Other players will be in the mix too, of course — Memphis’ Jaren Jackson Jr. and Utah’s Lauri Markkanen made it last year, for instance, and Minnesota’s Karl-Anthony Towns is still here — but between the shock and awe value of Wembanyama’s play and the likelihood of injury replacements on the West roster, he has a great chance of making the team even if he isn’t voted in as a starter.

Wemby on the All-Star team is my first bold prediction, but it’s not the only one. Here are some more for the coming season:

  1. No coaches will be fired before the All-Star break

Any prediction involving job security in the NBA coaching profession is a daring high-wire dance above a fiery lava pit, but this might be the season to pull it off. The league’s coaching roster looks as stable as it has in some time; while you can imagine seats getting hot in a few places with a slow start, there’s also the undeniable fact that recent turnover has been so high that there are relatively few long-tenured coaches remaining to get the ax.

Do you know how many coaches have been on the job since before the pandemic year? Four! That’s it! Those are the league’s four “made men,” championship-winning coaches Gregg Popovich, Erik Spoelstra, Steve Kerr and Michael Malone, who have a combined 59 seasons with their current teams. They’re not going anywhere.

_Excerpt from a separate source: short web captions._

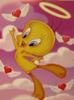 tweety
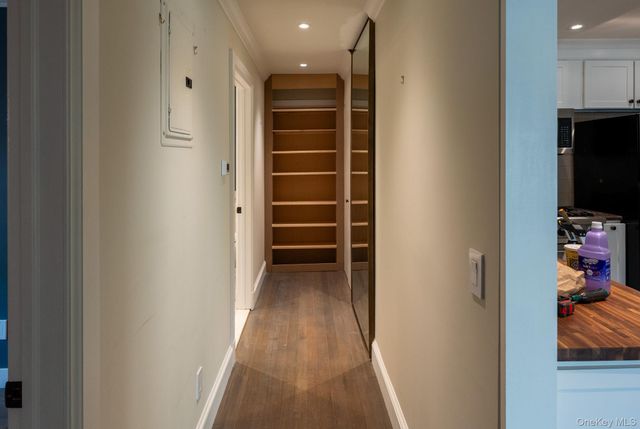 1810 121st Street 1-F, College Point, NY 11356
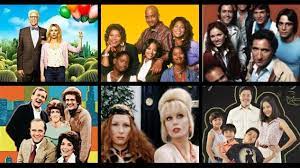 Watch this progressive and hysterical comedy before. The 50 Best Sitcoms On Hulu April 2018 Paste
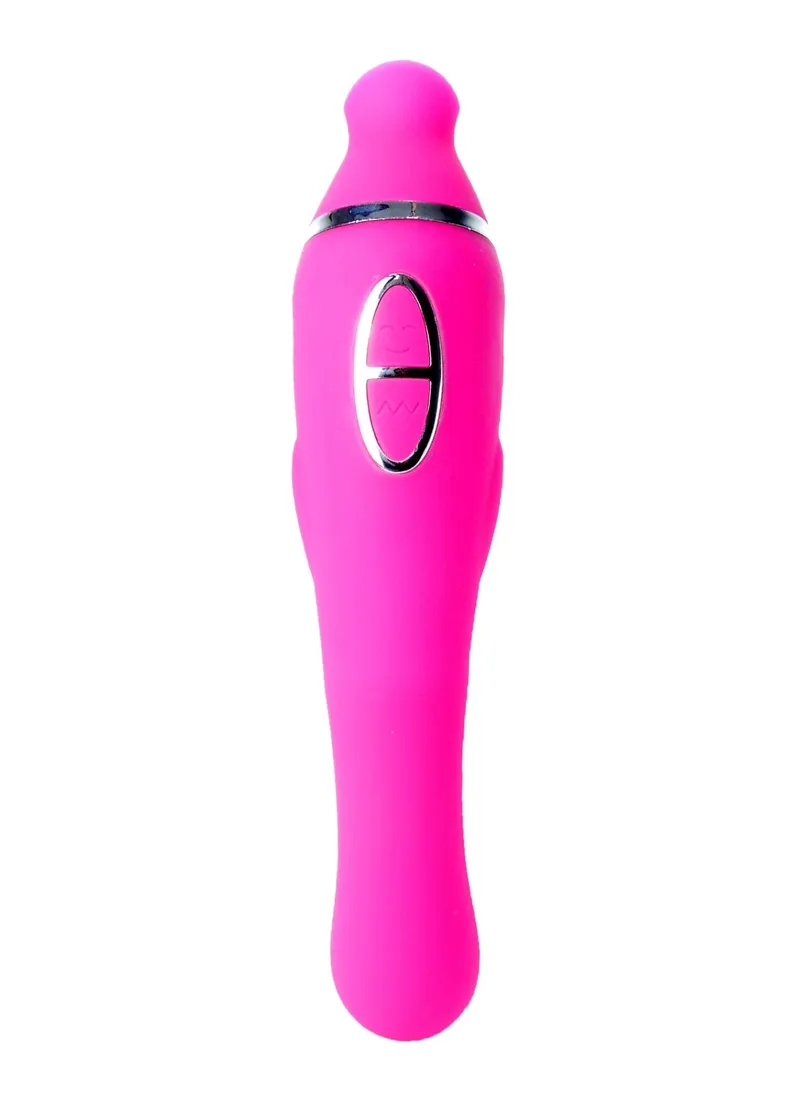 vibrator-helen-pink-12-vibration-functions-8-stimulation-functions-usb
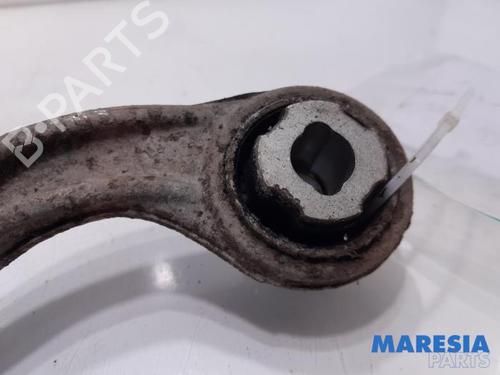 Left rear suspension arm CITROËN C5 III (RD_) 1.8 16V (RD6FXC) | BP31481531M14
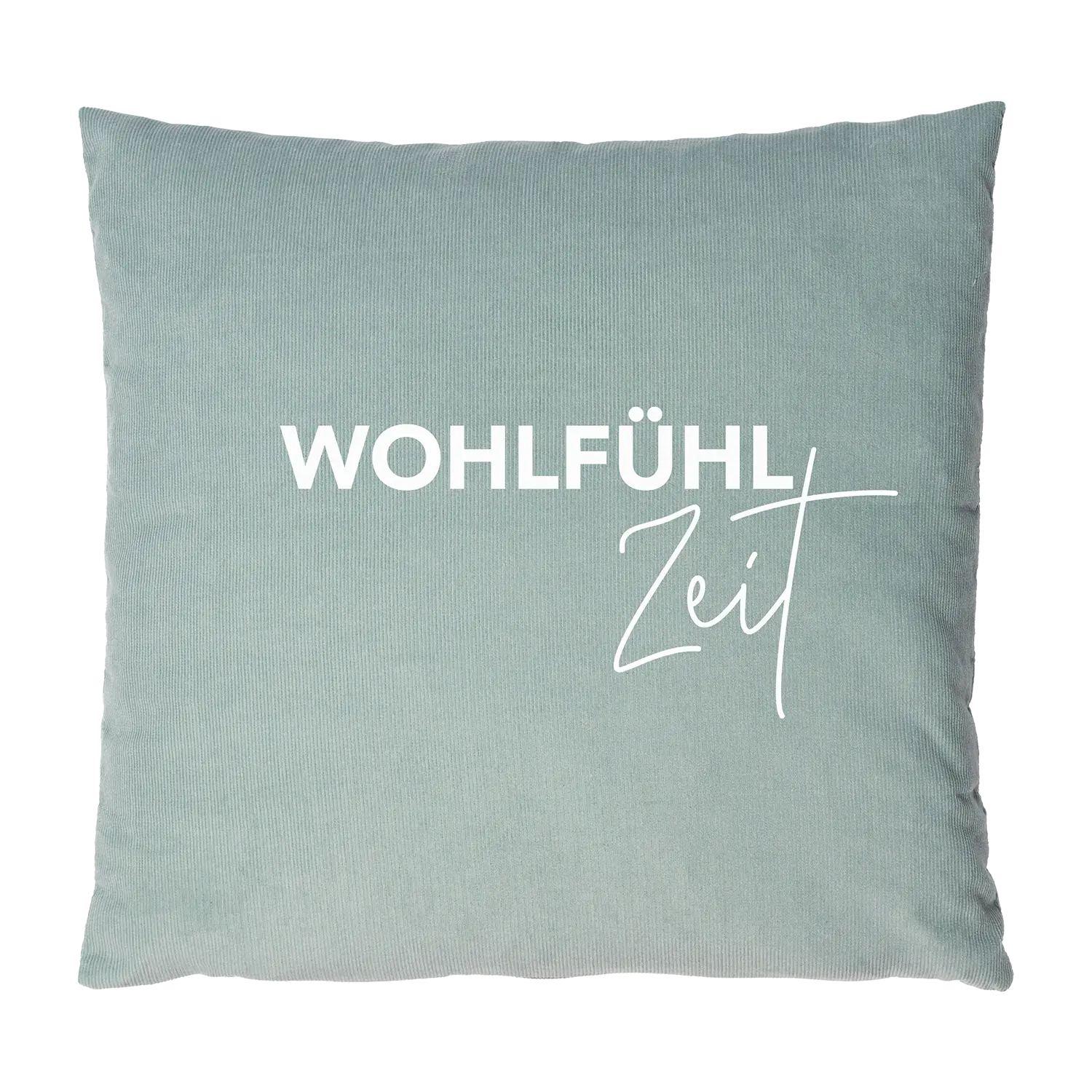 Zirbenkissen kaufen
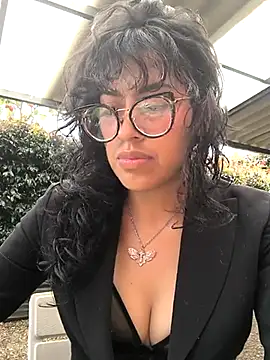 Fun Everywhere online show from 8, 3, 2025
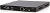StarTech 4-Port USB VGA IP KVM Switch with Virtual Media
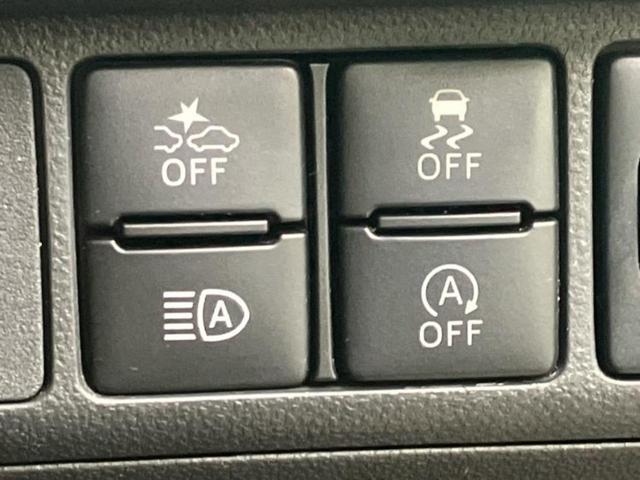 ���Ԃɍ��킹�Ė����ۏ؈ȊO�ɂ��A�ۏ͈ؔ́A���ԁA�������g�[�������L���ۏ؂����p�ӂ��Ă���܂��I���ÎԂ̍w�������߂Ăŕs���E�E�E�Ƃ������q�l�������S���������I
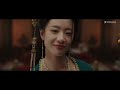ESPSUB [El doble] | EP01 | Ella revive para vengarse | Wu Jinyan / Wang Xingyue | Traje Antiguo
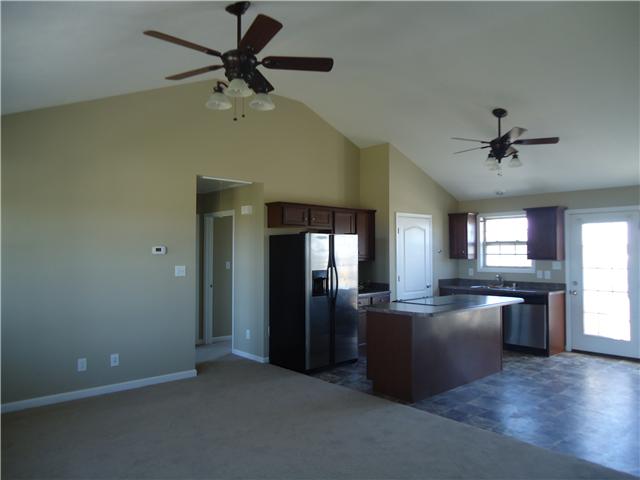 12079 Dawson Road Crofton, KY 42217 - Photo 6 of 12 Gallery Image 6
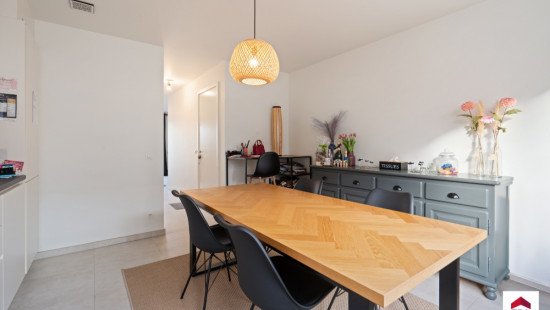 Meerstraat - 28 - 101 - 1840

Meanwhile, 13 teams have a coach in either his first or second season, which would make them unlikely to be dismissed so quickly. Five others are in Year 3, when the pressure normally increases, except four of those clubs are rebuilding and have limited expectations this season. Add it up and, for 21 of the league’s 30 teams, an early-season coaching change seems hugely unlikely.

Again, this profession isn’t exactly renowned for its stability — last season’s first coaching change (the Nets’ Steve Nash) happened on Nov. 1! — so this prediction may end up looking hilarious come February. For the moment, however, we seemingly enter the season with almost unprecedented stability in the league’s coaching ranks.

  1. Minnesota will win a playoff series for the first time in 20 years

That’s right, I have a second thing that hasn’t happened in 20 years that I’m predicting will happen in 2023-24. Good things to happen to the Timberwolves? Have I lost my mind? 

Thus far, the preseason focus has been on other West locales — the world champion Denver Nuggets, the reloaded Phoenix Suns and the recent champions in Golden State and L.A. — while the Wolves haven’t garnered nearly as much attention. However, they quietly played well over the second half of last season, going 26-19 after the turn of the new year, and I’m projecting them to land one of the top four seeds in the West.

If that happened, it would be the first time since their conference finals run with Kevin Garnett in 2004. In the only other three playoff appearances for the Wolves since then, they’ve been first-round roadkill as the West’s seventh or eighth seed.

While it’s a little early to pencil in who might be their first-round playoff opponent, the Wolves would have home-court advantage in the first round based on their projected finish, and, particularly if they get the No. 3 seed or higher, would be in a historically strong position to advance.